Я хотел сказать, что я и мои коллеги не учили бить людей. Мы всегда были за соблюдение законодательства и при этом за применение силы с учетом не только содержания законодательства, но и принципа доброй совести. Я не рассчитывал, что мое слово обязательно услышат и оно будет иметь серьезное влияние на полицейских и военнослужащих, в том числе из Росгвардии. Но я посчитал нужным сделать это все ­равно. 
– Вы работали только в вузе?
– Я поступил на службу в 1996 году и до 2000 года был курсантом и слушателем в Омской академии МВД, а потом работал там уже в качестве преподавателя: был старшим преподавателем, доцентом, профессором. В 2014 году я перевелся в Дальневосточный  юридический институт (ДВЮИ МВД), где проработал до 2016 года. Практически вся моя деятельность была связана с преподаванием. Был только небольшой период в 2000 году, когда я работал в отделе специальной боевой и физической подготовки и спорта управления кадров УВД Омской области.
– Насилие со стороны силовиков было не только на последних протестных акциях, но и на предыдущих митингах, в том числе несколько лет назад. Почему вы решили написать об этом именно сейчас?
– Давайте расставим точки над i. Делай, что должен, – и будь что будет. Если ты имеешь возможность призвать к соблюдению закона, напомнить людям, что есть совесть, то лучше это сделать.
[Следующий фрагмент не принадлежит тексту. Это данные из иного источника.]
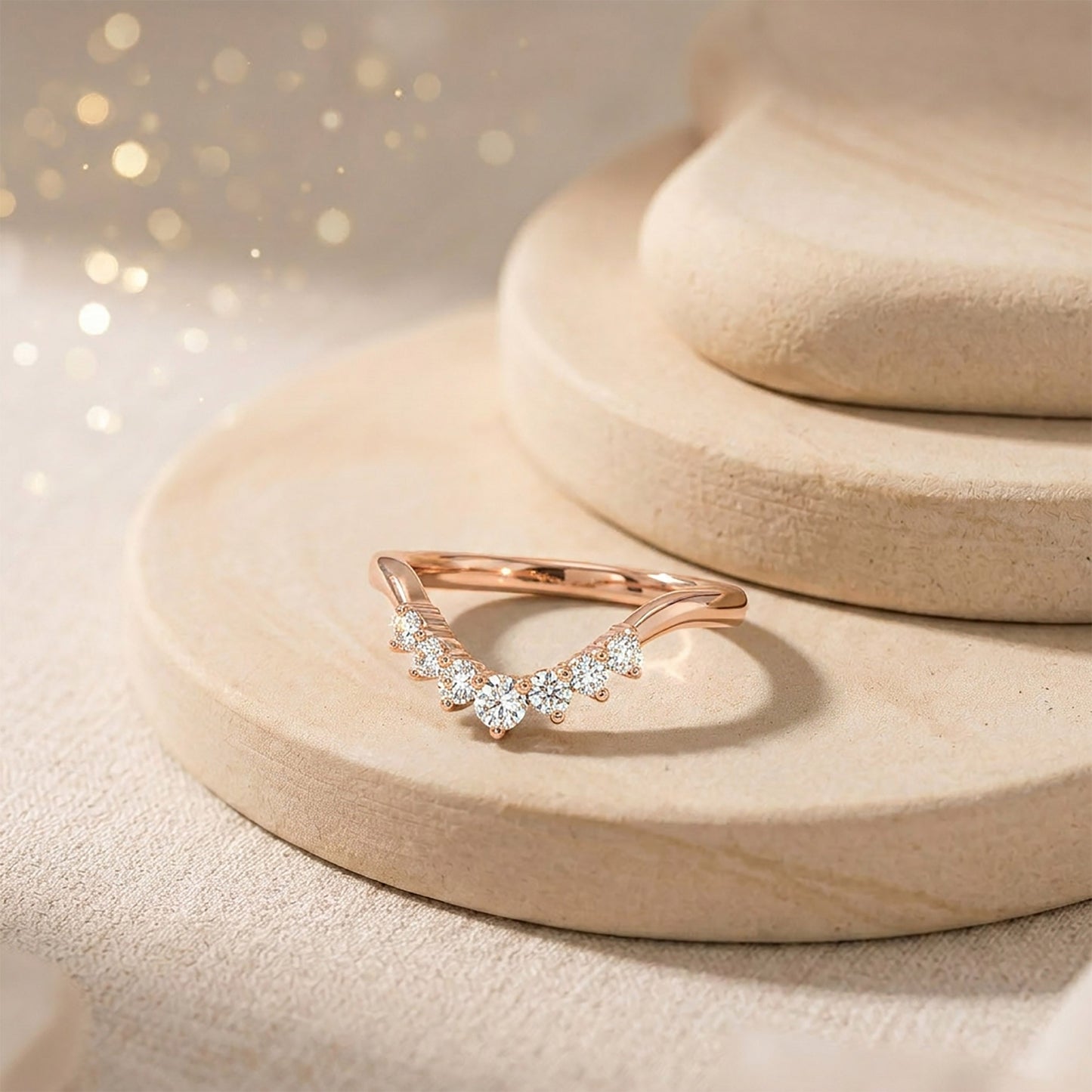 Prestige Chevron Fashion Rose Gold & Diamond Ring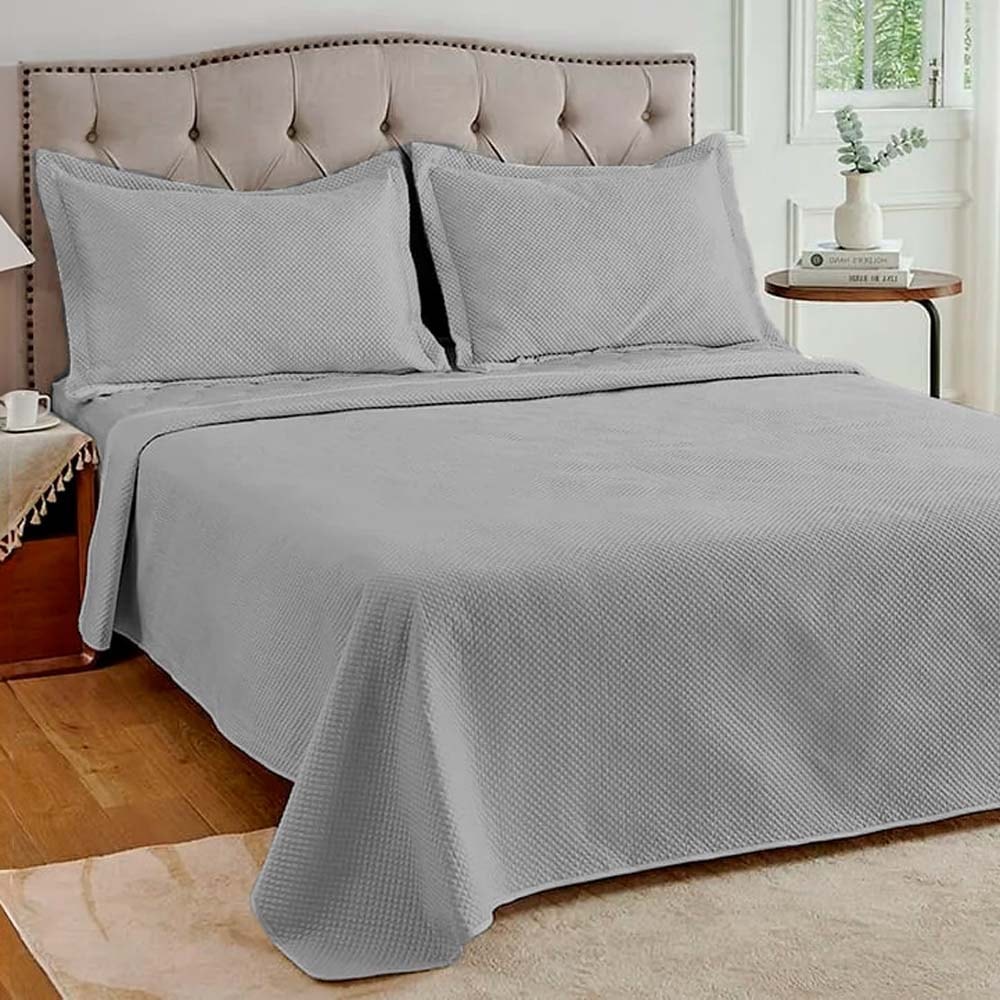 Kit Colcha Cobre-Leito Queen Versalhes Acetinada c/ Porta Travesseiro (3 Peças)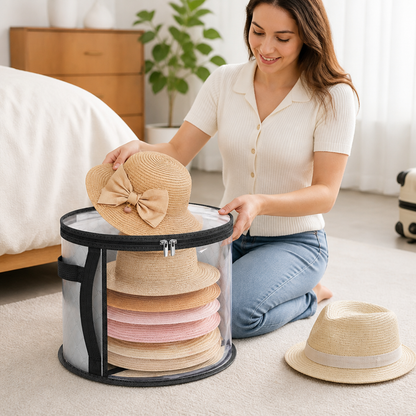 Hat Storage Bag Foldable Dustproof Clear Top Window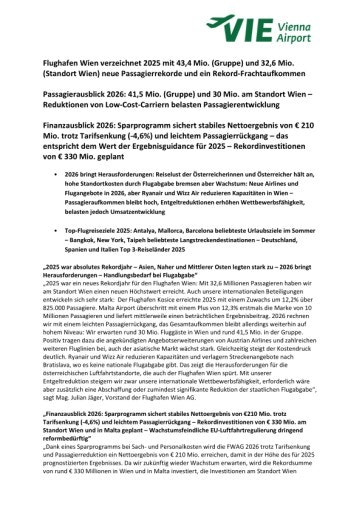 PDF Verkehrsergebnisse 2025 Flughafen Wien AG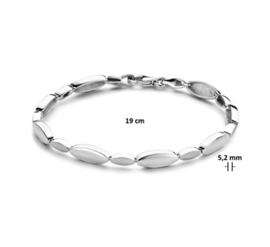 Trendy Zilveren Armband poli/mat 5,2 mm 19 cm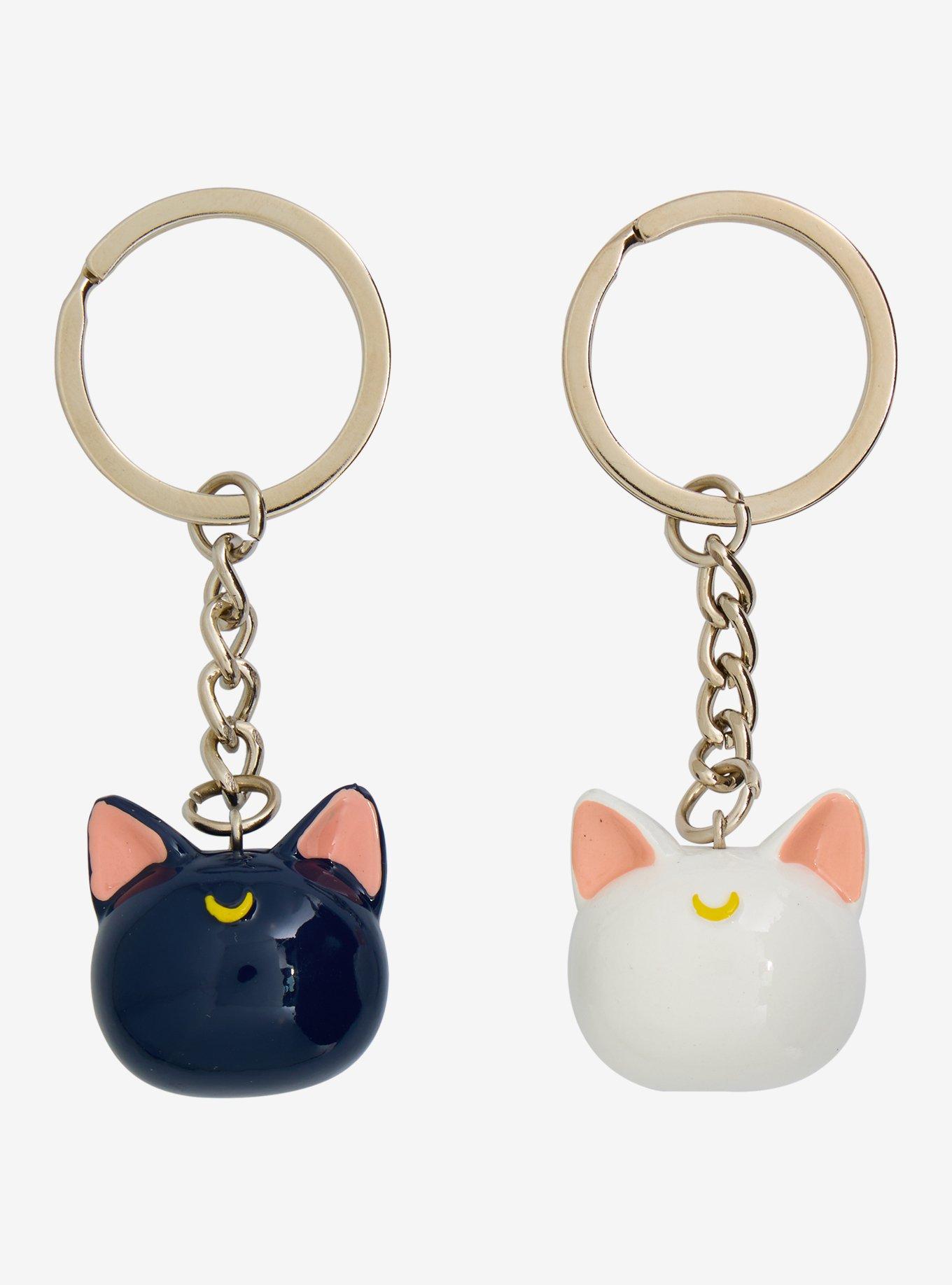 Pretty Guardian Sailor Moon Luna & Artemis Head Key Chain Set, , hi-res
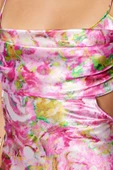 Moda Stil Regular Degaje Yaka Midi Boy Çiçek Desenli Dokuma Saten Şık Abiye Elbise - 2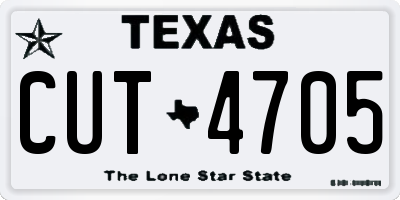 TX license plate CUT4705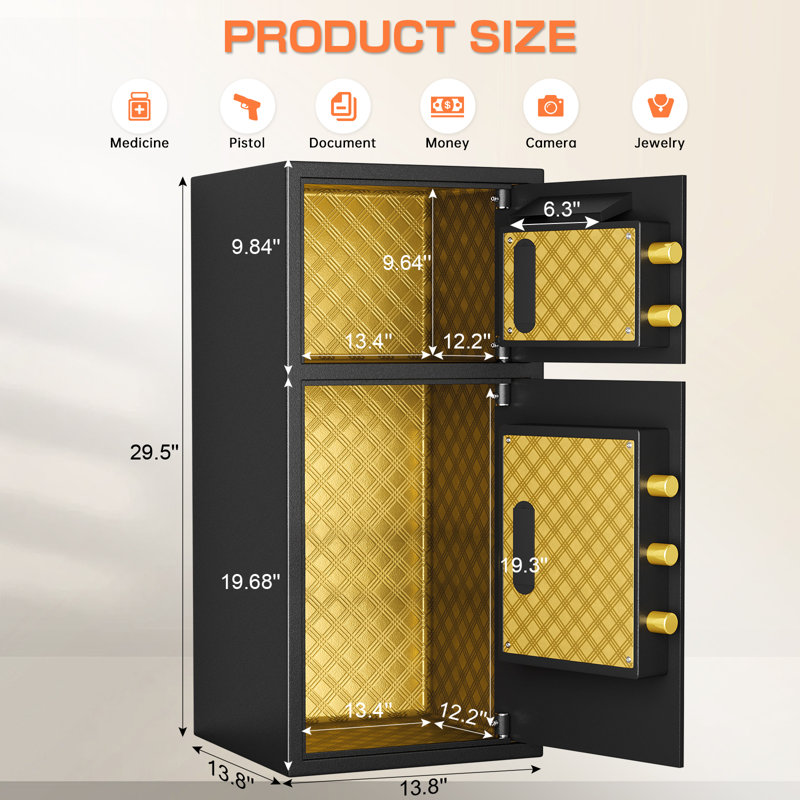 Coffre-fort de 6,5 pieds cubes avec sac ignifuge imperméable, très grand coffre-fort pour la maison avec fente de dépôt, doublure en cuir de polyuréthane souple et sécuritaire avec grand écran ACL et double alarme pour le bureau à domicile
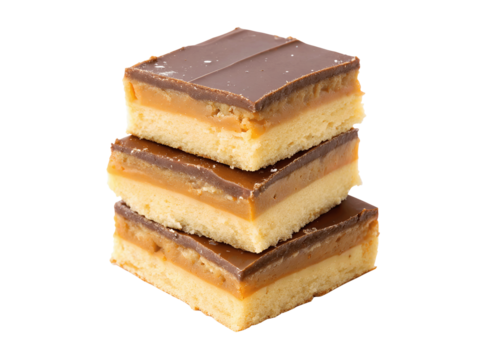 Shortbread millionaire bars cutout on white background in PNG format, ideal for social media posts and recipe content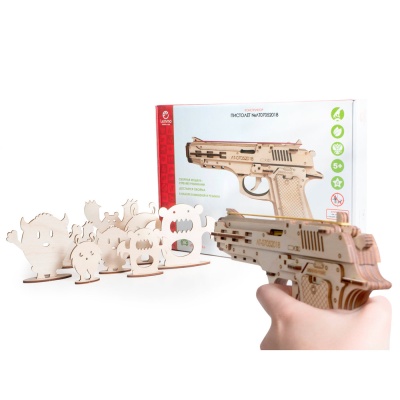 Конструктор деревянный Пистолет №ЛТ07052018 резинкострел 81 деталь Lemmo 0064 3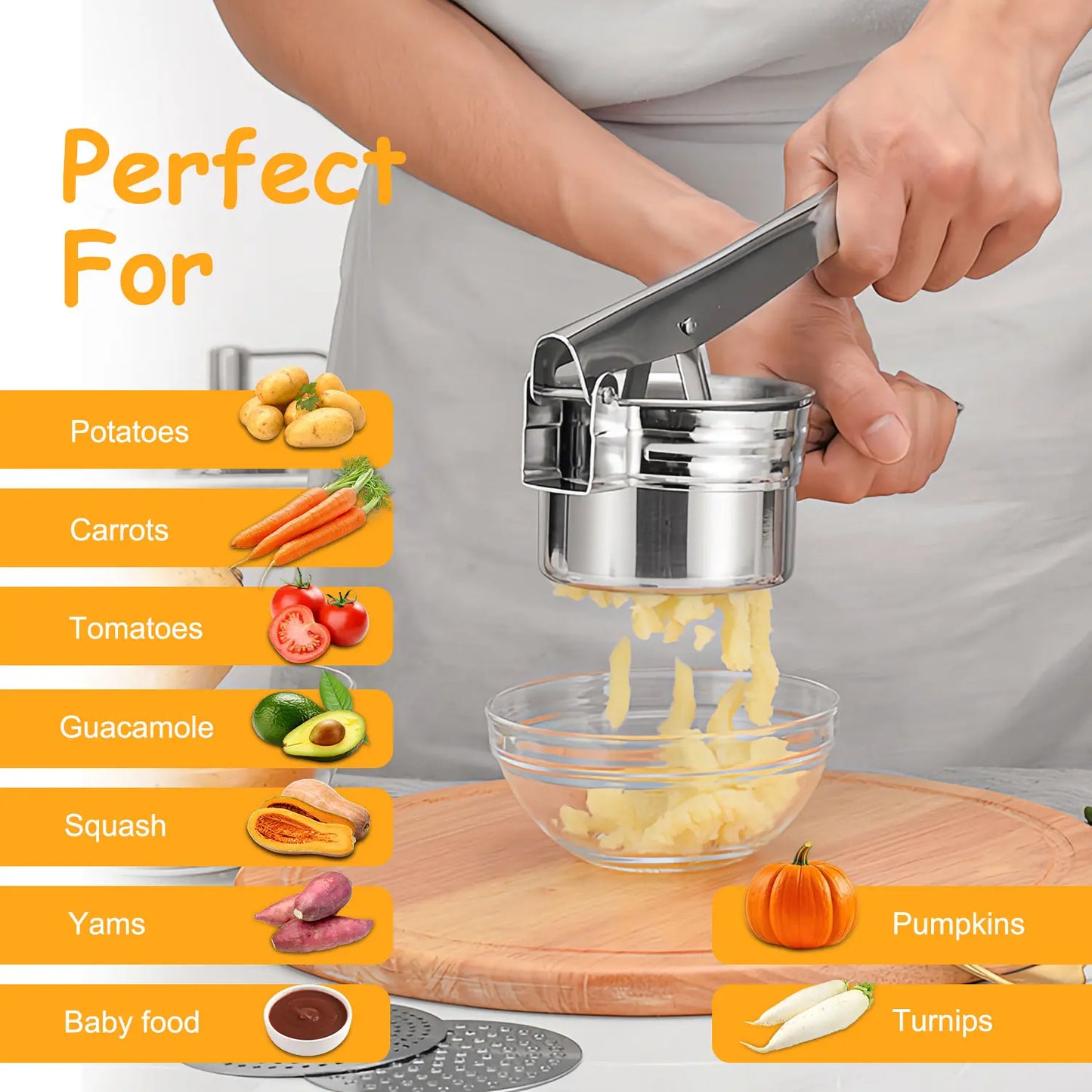 Stainless Steel Potato Ricer Masher with 3 Interchangeable Discs,Multi Functional Manual Press for Spaetzle, Gnocchi, Spaghetti, Potatoes, Fruits, Vegetables,Heavy Duty Kitchen Tool, Easy Squeeze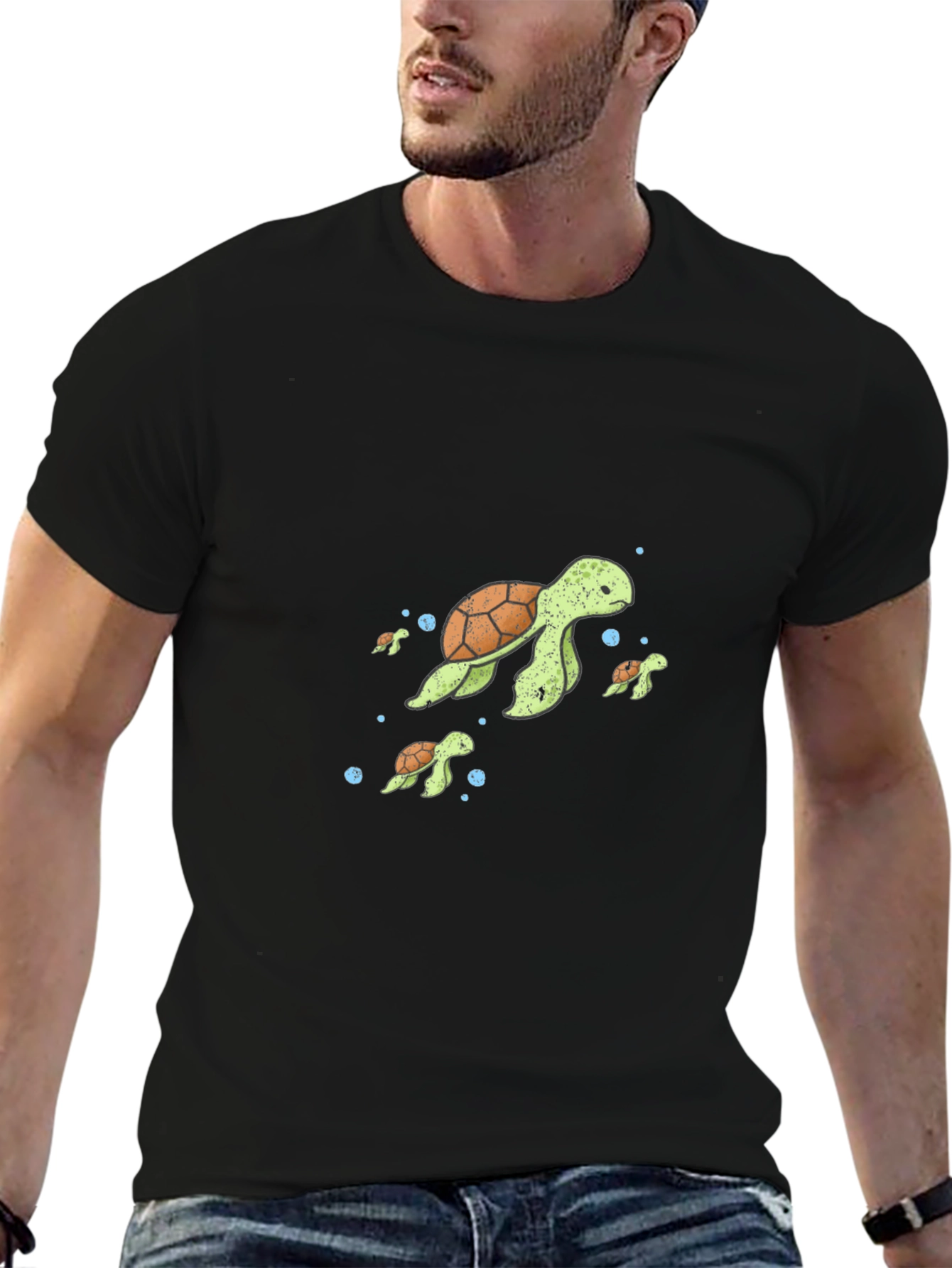 Turtle Family Graphic Tee - Black Cotton T-Shirt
В целом сотрудники правоохранительных органов и военнослужащие помнят об этом и зачастую действуют добросовестно. Когда их действия выходят за рамки закона, на мой взгляд, это обусловлено не их желанием, а той политической ситуацией, которая сейчас есть в стране. Для меня очевидно, что происходящие изменения в обществе очень сложно принимаются разными людьми, в том числе и властными структурами. А заложниками в такой ситуации становятся не только граждане, но и рядовые правоохранители, те ребята, которые надевают бронежилеты и другую амуницию и выходят на улицу. Они тоже нередко становятся потерпевшими, а не только граждане. Но и гражданам попадает, что тут говорить.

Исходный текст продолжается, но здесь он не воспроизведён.